LiteDB.LiteException: This transaction are invalid state
   at LiteDB.Engine.QueryExecutor.<>c__DisplayClass12_0.<<ExecuteQuery>g__RunQuery|2>d.MoveNext()
   at LiteDB.Utils.Extensions.EnumerableExtensions.OnDispose[T](IEnumerable`1 source, Action onDispose)+MoveNext()
   at LiteDB.Utils.Extensions.EnumerableExtensions.OnDispose[T](IEnumerable`1 source, Action onDispose)+MoveNext()
   at LiteDB.BsonDataReader..ctor(IEnumerable`1 values, String collection, EngineState state)
   at LiteDB.Engine.QueryExecutor.ExecuteQuery(Boolean executionPlan)
   at LiteDB.Engine.LiteEngine.Query(String collection, Query query)
   at LiteDB.LiteQueryable`1.ToDocuments()+MoveNext()
   at System.Linq.Enumerable.SelectEnumerableIterator`2.MoveNext()
   at System.Collections.Generic.List`1..ctor(IEnumerable`1 collection)
   at System.Linq.Enumerable.ToList[TSource](IEnumerable`1 source)
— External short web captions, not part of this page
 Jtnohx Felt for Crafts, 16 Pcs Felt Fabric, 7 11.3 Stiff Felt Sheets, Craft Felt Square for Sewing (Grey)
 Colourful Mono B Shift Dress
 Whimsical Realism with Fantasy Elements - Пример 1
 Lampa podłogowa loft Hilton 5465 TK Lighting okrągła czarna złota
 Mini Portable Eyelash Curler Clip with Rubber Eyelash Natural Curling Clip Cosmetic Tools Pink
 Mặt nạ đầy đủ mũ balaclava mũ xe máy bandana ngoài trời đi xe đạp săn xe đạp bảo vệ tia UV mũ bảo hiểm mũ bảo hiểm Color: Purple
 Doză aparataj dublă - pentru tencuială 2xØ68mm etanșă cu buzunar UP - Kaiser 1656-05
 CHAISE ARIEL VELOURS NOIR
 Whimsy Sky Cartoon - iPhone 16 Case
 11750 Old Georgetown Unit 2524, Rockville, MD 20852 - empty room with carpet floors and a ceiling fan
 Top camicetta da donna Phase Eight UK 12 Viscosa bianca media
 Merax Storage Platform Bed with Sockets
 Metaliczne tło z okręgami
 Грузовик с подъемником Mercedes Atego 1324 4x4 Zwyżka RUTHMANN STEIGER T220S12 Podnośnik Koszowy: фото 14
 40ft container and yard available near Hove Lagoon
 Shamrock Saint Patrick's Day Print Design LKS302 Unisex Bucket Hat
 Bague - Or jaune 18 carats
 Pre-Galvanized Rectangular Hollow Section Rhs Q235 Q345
After this getting 94 of those errors from different threads:

LiteDB.LiteException: pages in memory store must be non-shared
   at LiteDB.BsonDataReader.Read()
   at LiteDB.LiteQueryable`1.ToDocuments()+MoveNext()
   at System.Linq.Enumerable.SelectEnumerableIterator`2.MoveNext()
   at System.Collections.Generic.List`1..ctor(IEnumerable`1 collection)
   at System.Linq.Enumerable.ToList[TSource](IEnumerable`1 source)

After that getting thousands of those errors:

LiteDB.LiteException: Maximum number of transactions reached
   at LiteDB.Engine.TransactionMonitor.GetTransaction(Boolean create, Boolean queryOnly, Boolean& isNew)
   at LiteDB.Engine.QueryExecutor.ExecuteQuery(Boolean executionPlan)
   at LiteDB.Engine.LiteEngine.Query(String collection, Query query)
   at LiteDB.LiteQueryable`1.ToDocuments()+MoveNext()
   at System.Linq.Enumerable.SelectEnumerableIterator`2.MoveNext()
   at System.Collections.Generic.List`1..ctor(IEnumerable`1 collection)
   at System.Linq.Enumerable.ToList[TSource](IEnumerable`1 source)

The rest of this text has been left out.